Sicher jedoch sind deutliche Auswirkungen auf unsere bisherigen Städte, sind sie doch auf den klassischen Aktiven im mittleren Alter zugeschnitten. Denn überlagert man die schrumpfende Bevölkerung mit der zu erwartenden Altersstruktur wird deutlich, dass genau diese bisher dominierende Bevölkerungsschicht gegenüber heute die wesentlichsten Einbußen erfahren wird.

Hier zeigt sich ein gewaltiger Umbruch, dessen Auswirkungen auf die Gesellschaft und somit auf die gebaute Umwelt wir derzeit nur erahnen können. Der aktuelle Stadtumbau Ost ist hierbei nur Vorbote der auf uns zukommenden Veränderungen.

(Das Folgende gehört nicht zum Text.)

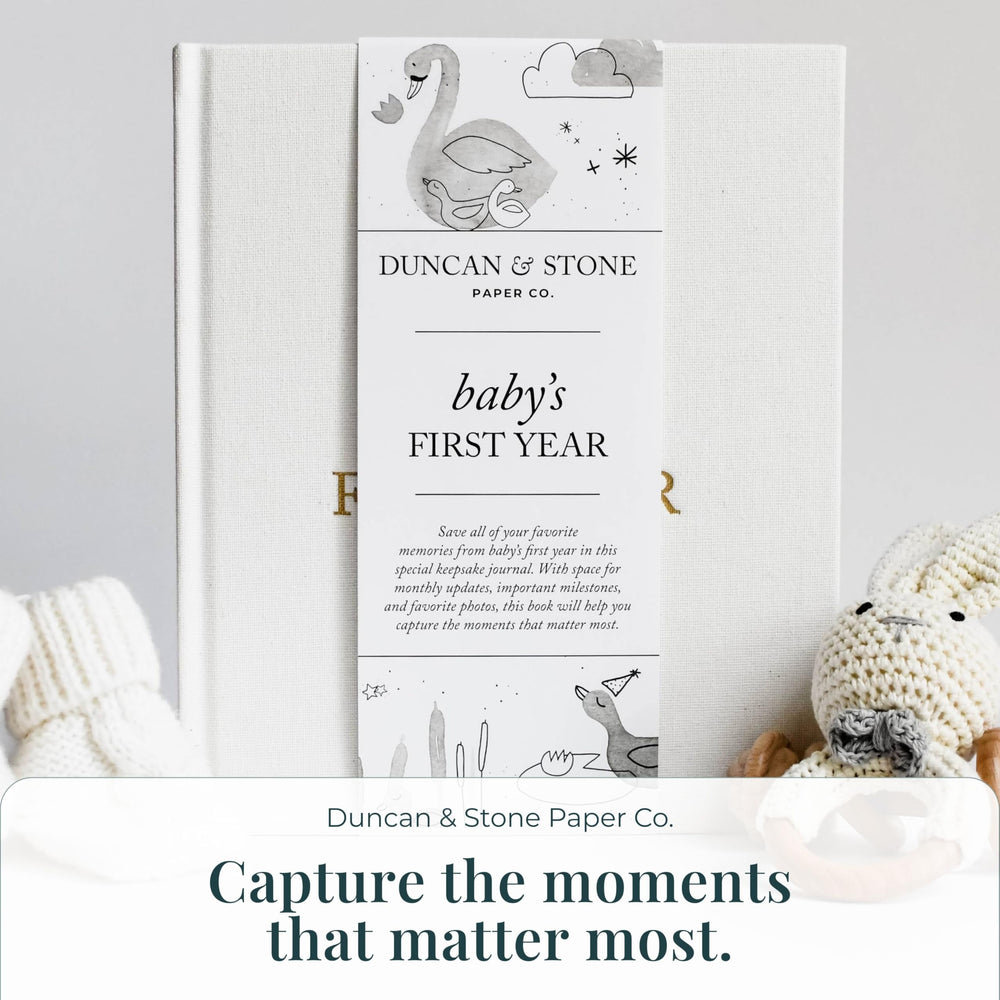 Duncan & Stone Baby First Year Book ultrasound page preserves early images with care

Städtisch-kultureller Wandel

Angesichts dieser Prognosen sollte ein zukunftsorientiertes Unternehmen seine mittelfristigen Planungen überdenken und passende Neuausrichtungen anstreben. Dies sollte auch für das Unternehmen “Stadt“ gelten, das derzeit jedoch anscheinend weitgehend mit sich selbst beschäftig ist und dessen Bewegungsspielraum mit den kollabierten Finanzen endgültig verloren scheint.

„Nun hat es sogar die Schönste unter den Schönen erwischt, nun ist sogar die Reichste aller Reichen betroffen: die Stadt München ist pleite… bankrott, am Ende“[3]

Mit diesen Worten beginnt ein Artikel von Gerhard Matzig in der Süddeutschen Zeitung, in dem er dem Gedanken nachgeht, ob hinter der kommunalen Finanzkrise in Wirklichkeit eine Kulturkrise steckt.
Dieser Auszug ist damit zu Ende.